With our digital age, we don’t always know what to expect. When our identities will be stolen or when our faces will be posted all over the web to be blackmailed later on by a third party. Everyday people meet other people, both in person and online. You’ll be pretty damn lucky to find that one person who just clicks with you on a wide array of topics, both personal and with hobbies.
Let me tell you my story of a kind of love, not sexual love, but a type of “storgē” love. It all started with a ‘friend request’ on MySpace one day, this girl has obviously checked out my page and decided to add me as a friend, the reason why, I’ll get into later. So I check out this girl’s profile page. Oddly enough, I could have sworn up and down my late grandmother’s grave that I’ve seen this girl before; she looked so familiar, and so beautiful. Those big green eyes, those fucking beautiful green eyes, drew me in like a bee to honey. This girl had a form of seductive hypnosis about her in her photos.

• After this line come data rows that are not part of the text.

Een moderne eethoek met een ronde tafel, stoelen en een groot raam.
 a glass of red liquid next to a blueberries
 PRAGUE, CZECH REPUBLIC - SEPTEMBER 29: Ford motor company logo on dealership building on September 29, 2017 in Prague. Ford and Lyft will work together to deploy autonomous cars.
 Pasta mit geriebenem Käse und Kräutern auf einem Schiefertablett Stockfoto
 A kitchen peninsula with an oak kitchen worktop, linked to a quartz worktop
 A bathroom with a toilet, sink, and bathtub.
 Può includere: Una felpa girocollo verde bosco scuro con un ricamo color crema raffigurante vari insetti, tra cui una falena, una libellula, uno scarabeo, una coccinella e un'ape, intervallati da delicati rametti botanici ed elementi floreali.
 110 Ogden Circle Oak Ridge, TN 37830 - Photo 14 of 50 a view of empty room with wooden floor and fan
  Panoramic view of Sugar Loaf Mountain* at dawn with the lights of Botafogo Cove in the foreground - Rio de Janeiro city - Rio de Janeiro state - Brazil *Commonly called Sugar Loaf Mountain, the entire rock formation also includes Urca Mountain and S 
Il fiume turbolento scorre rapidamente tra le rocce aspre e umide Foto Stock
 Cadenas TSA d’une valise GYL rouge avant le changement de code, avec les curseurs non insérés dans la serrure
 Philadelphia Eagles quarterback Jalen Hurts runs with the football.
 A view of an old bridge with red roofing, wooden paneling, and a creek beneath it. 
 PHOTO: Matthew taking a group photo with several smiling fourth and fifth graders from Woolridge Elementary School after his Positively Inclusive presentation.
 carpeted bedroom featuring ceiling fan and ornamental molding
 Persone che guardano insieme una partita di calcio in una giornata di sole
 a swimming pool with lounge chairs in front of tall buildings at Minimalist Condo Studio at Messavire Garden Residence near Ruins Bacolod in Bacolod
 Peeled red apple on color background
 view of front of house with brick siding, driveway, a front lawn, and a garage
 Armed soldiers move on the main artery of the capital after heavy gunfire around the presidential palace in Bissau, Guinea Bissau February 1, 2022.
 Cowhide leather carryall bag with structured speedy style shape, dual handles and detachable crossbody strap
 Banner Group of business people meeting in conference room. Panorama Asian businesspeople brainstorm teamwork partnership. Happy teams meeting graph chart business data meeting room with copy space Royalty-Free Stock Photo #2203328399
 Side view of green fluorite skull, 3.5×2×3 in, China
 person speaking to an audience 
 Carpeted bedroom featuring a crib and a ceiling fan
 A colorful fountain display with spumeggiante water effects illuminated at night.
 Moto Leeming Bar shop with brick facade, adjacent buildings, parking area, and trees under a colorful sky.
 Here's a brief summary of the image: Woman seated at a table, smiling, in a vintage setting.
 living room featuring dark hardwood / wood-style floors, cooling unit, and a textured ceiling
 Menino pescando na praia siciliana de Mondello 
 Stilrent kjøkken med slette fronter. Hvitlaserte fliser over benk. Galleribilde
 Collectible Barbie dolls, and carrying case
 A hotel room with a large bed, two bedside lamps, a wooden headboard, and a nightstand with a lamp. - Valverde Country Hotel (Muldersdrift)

It was like a piece of art that you couldn’t really get fed up over looking at, and it never ceased to grow old.
So I started writing comments to this girl on MySpace, and she replied. I started asking if she knew me, I also told her that she looked really familiar; she said the same to me. Eventually finding out that she lived in Zanesville, only about thirty miles from me in Cambridge, and I didn’t complain. Luckily we both had Windows Messenger and we exchanged email addresses and talked on there for a good while. I soon realized how quick the scroll bar became only a couple millimeters thick, due to all the text being sent back and forth.
The theory of evolution had started, from flirtatious “little nothings” to sharing our own forms of inspiration with each other. To me, this girl was an urban, indie, earthy chic, and one to gain more than a handful of inspiration and reasons to want and walk through a field of wildflowers on a warm, sunny, Sunday afternoon, living in the fisheye lens, with a cool breeze of about seventy degrees and no humidity, and a lot of humility. The humility I had for this girl was that of unrelenting fascination. I wanted to know more, more about what made this girl tick. Some could say at this time, my mind was blooming as much as those who created the monster called admiration. I actually admired this girl for who she was, along with what she offered. I loved this girl for that same reason; she was great, and one of a kind.
That theory of evolution hasn’t ended either.